- Origin: Taubaté, São Paulo, Brazil
- Genres: Christian rock; Christian metal; CCLM;
- Years active: 1993–2000; 2001–2015;
- Labels: Codimuc
- Members: André Leite (vocals); Toninho de Marco (guitar); Tiago Mattos (guitar); Alessandro Bittencourt (bass); Eloy Casagrande (drums);
- Past members: Neli Sestari; Júlio César;
- Website: www.iahweh.com.br

= Iahweh =

Brazilian christian rock & metal band

Iahweh was a Brazilian Catholic rock/metal band, originating in São Paulo, Brazil.

== Biography ==

The band was founded in São Paulo and released its Alfa e Ômega album, in 1996. Due to internal problems, the band went into hiatus, but returned in 2008 to release the album Neblim, which included the tracks "Misericórdia, Senhor" and "Ruah".
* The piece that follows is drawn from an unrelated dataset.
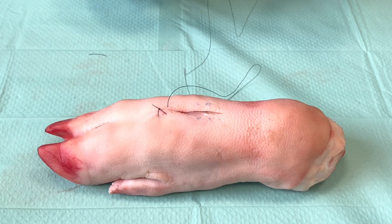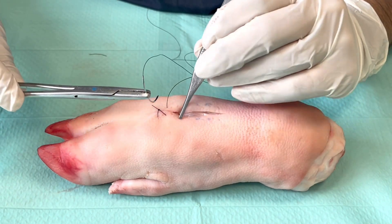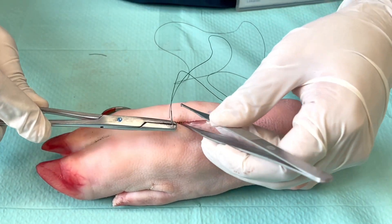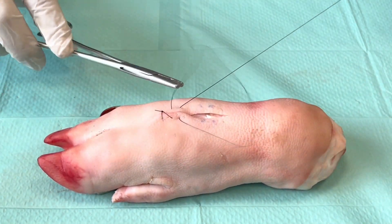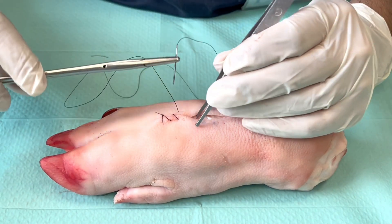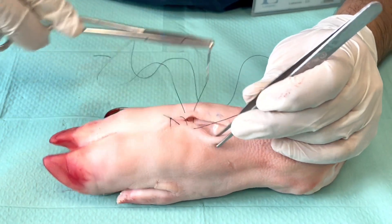Ideally you will have an assistant helping you pull up on the thread and maintain this tension, but you also need to know how to do it by yourself and manage the thread, because sometimes you won't have an assistant with you. We keep taking these bites in the same manner, covering the wound at about the same distance from the previous bites, until we reach the end of the wound or incision. We take a bite across the wound about the same distance from the wound edge.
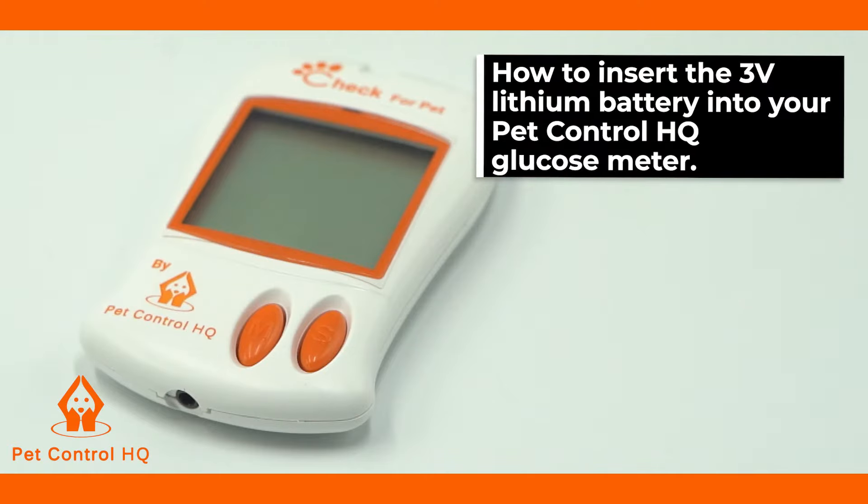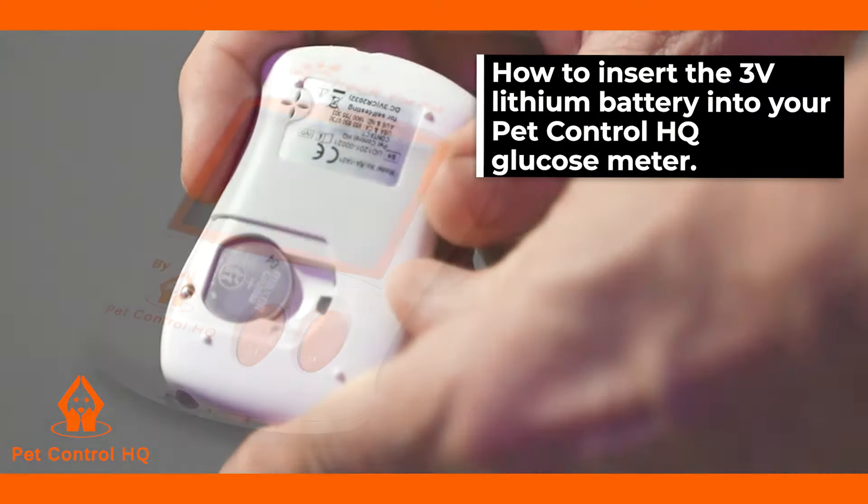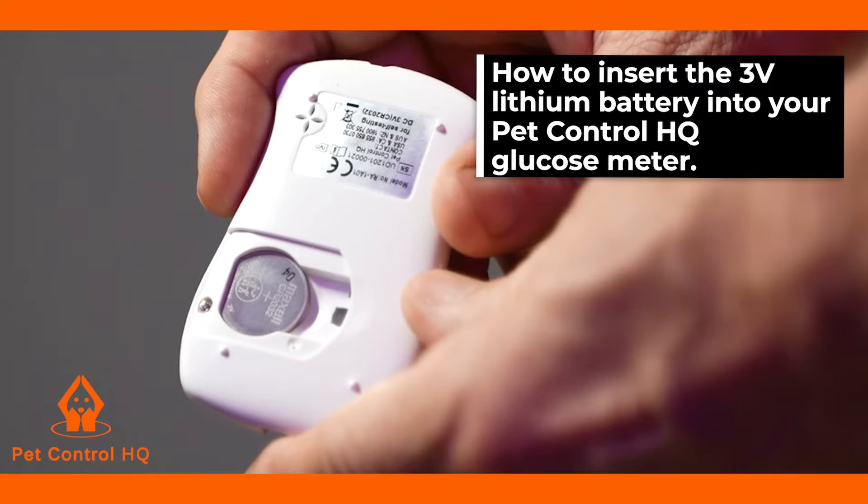This is a brief overview on how to insert the 3 volt lithium battery into your PET-Control HQ glucose meter.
In 2009, the group won the first Louvemos ao Senhor Trophy in the Best Rock Album category. In 2010, the band released their first music video for the orchestrated version of their song "Neblim".

In 2012, Iahweh's lead singer André Leite left the band to join the Rio De Janeiro-based group Hangar.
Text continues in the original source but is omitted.